Rule 15(a)(2) allows the trial court to grant leave to amend "when justice so requires." Fed. R. Civ. P. 15(a)(2). Unless the complaint cannot be cured by allegations of additional facts, the Court should grant leave to amend. Lopez v. Smith, 203 F.3d 1122, 1127 (9th Cir. 2000). Further, leave to amend should be granted unless amendment of a complaint would be futile. See United States v. Corinthian Colleges, 655 F.3d 984, 995 (9th Cir. 2011).

Where, as here, the plaintiff appears pro se in a civil rights suit, the Court must construe the pleadings liberally. Estelle v. Gamble, 429 U.S. 97, 106 (1976). Further, the Court must afford the pro se "plaintiff the benefit of any doubt." Karim-Panahi v. Los Angeles Police Dep't, 839 F.2d 621, 623 (9th Cir. 1988). A pro se complaint "can only be dismissed for failure to state a claim if it appears 'beyond doubt that the plaintiff can prove no set of facts in support of his claim which would entitle him to relief.'"Id. at 107 (quoting Conley v. Gibson, 355 U.S. 41, 45-46 (1957)). Moreover, "before dismissing a pro se civil rights complaint for failure to state a claim, the district court must give the plaintiff a statement of the complaint's deficiencies." Id. (italics added); see also Noll v. Carlson, 809 F.2d 1446, 1448-49 (9th Cir. 1987).

IV. DISCUSSION

Plaintiff brings a claim pursuant to 42 U.S.C. § 1983 arguing Defendants violated his Fourth Amendment rights when Defendants "arrested Plaintiff inside of his home without a warrant . . . and coerced Plaintiff's arrest at gunpoint." (SAC at ¶ 20.) Plaintiff also claims Defendants "threatened, intimidated, or coerced" him in violation of the Tom Bane Civil Rights Act, codified in California Civil Code section 52.1 ("Bane Act"). (Id. at ¶ 24.)

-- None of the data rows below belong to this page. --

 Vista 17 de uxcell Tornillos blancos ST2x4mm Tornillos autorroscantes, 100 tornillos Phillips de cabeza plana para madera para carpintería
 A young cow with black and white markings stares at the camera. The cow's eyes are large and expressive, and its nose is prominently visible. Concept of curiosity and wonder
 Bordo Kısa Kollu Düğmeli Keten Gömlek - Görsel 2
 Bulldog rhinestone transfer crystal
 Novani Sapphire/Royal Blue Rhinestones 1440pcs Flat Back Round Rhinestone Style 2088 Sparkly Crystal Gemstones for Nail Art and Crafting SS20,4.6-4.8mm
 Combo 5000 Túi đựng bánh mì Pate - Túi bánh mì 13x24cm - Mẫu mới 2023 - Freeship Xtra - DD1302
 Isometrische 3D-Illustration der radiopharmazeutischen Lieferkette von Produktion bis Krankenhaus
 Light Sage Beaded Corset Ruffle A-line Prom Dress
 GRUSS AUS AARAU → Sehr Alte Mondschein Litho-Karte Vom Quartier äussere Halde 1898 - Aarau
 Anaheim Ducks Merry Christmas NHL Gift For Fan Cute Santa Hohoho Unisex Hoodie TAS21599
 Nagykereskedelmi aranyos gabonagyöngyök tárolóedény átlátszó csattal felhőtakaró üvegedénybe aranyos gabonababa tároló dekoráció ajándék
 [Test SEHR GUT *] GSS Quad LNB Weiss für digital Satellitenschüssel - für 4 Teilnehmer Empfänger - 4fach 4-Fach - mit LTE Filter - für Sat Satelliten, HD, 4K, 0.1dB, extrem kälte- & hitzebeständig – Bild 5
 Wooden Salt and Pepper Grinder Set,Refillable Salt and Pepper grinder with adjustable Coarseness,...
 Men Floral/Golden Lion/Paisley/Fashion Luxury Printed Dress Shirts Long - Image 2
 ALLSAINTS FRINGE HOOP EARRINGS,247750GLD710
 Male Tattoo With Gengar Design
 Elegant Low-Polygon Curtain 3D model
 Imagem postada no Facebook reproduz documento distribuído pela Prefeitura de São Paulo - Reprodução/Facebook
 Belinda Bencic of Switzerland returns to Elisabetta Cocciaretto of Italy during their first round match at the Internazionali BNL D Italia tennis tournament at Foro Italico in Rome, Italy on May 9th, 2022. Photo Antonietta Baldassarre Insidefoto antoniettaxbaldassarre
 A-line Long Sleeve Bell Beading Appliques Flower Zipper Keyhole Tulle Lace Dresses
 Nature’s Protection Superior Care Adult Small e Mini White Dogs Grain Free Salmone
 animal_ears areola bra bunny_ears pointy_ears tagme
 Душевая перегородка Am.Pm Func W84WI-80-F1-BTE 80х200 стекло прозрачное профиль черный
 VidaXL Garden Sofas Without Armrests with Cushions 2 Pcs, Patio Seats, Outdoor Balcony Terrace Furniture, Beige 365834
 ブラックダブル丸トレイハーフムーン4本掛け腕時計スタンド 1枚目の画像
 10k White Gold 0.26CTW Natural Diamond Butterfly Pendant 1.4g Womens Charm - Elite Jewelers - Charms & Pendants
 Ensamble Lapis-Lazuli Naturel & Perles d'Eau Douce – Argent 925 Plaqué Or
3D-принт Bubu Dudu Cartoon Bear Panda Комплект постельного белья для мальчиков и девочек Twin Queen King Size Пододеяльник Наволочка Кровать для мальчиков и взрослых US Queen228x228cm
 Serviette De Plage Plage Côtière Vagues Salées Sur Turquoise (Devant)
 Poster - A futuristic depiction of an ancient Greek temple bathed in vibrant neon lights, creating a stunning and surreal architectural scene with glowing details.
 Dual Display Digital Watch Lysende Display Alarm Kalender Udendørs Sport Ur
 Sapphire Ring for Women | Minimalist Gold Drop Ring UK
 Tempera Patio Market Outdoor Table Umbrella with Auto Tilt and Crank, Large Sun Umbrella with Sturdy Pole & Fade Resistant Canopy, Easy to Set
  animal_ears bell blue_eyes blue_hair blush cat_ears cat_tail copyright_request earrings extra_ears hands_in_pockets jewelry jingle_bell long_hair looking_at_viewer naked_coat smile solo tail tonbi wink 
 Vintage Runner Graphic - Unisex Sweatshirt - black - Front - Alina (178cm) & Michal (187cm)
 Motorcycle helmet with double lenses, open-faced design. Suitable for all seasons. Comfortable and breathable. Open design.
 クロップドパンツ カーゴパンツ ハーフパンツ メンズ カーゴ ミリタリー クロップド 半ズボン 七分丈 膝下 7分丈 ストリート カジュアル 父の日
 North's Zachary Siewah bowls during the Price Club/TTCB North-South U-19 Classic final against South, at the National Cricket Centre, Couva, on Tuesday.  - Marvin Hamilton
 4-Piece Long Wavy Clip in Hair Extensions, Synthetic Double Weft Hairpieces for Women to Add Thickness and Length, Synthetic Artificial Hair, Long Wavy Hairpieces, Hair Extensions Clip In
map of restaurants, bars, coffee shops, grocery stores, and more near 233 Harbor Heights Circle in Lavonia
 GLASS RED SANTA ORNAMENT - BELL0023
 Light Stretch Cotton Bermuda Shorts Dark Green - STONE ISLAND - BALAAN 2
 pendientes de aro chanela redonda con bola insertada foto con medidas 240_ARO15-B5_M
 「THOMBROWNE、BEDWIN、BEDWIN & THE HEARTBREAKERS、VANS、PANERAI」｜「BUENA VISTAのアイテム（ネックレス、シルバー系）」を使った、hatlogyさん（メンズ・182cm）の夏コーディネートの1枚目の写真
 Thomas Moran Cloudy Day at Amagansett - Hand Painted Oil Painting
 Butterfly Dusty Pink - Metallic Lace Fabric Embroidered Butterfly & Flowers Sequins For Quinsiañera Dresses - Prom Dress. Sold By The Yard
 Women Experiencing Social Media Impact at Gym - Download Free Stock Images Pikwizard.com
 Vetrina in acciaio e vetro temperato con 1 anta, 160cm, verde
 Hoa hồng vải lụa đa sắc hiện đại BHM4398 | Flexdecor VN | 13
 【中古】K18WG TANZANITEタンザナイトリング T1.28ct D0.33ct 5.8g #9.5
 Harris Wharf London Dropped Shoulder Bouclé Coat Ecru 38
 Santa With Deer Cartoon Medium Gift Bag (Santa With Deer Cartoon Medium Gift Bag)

Defendants move to dismiss Plaintiff's SAC because: (1) the SAC is barred by Heck v. Humphrey, 512 U.S. 477 (1994); (2) Plaintiff's Bane Act claim is insufficient because it fails to properly plead threats, intimidation, or coercion independent from the constitutional violation; and (3) Plaintiff fails to specifically plead a cause of action against each defendant. (Burnett Mot. at 4-7; Cote Mot. at 5-8.)

A. Heck Bar's Plaintiff's First Cause of Action

i. Argument

Defendants argue Plaintiff's § 1983 claim is barred by Heck because a favorable judgment on Plaintiff's claim would invalidate Plaintiff's previous criminal conviction. (Burnett Mot. at 5:27-28; Cote Mot. at 6:17-19.)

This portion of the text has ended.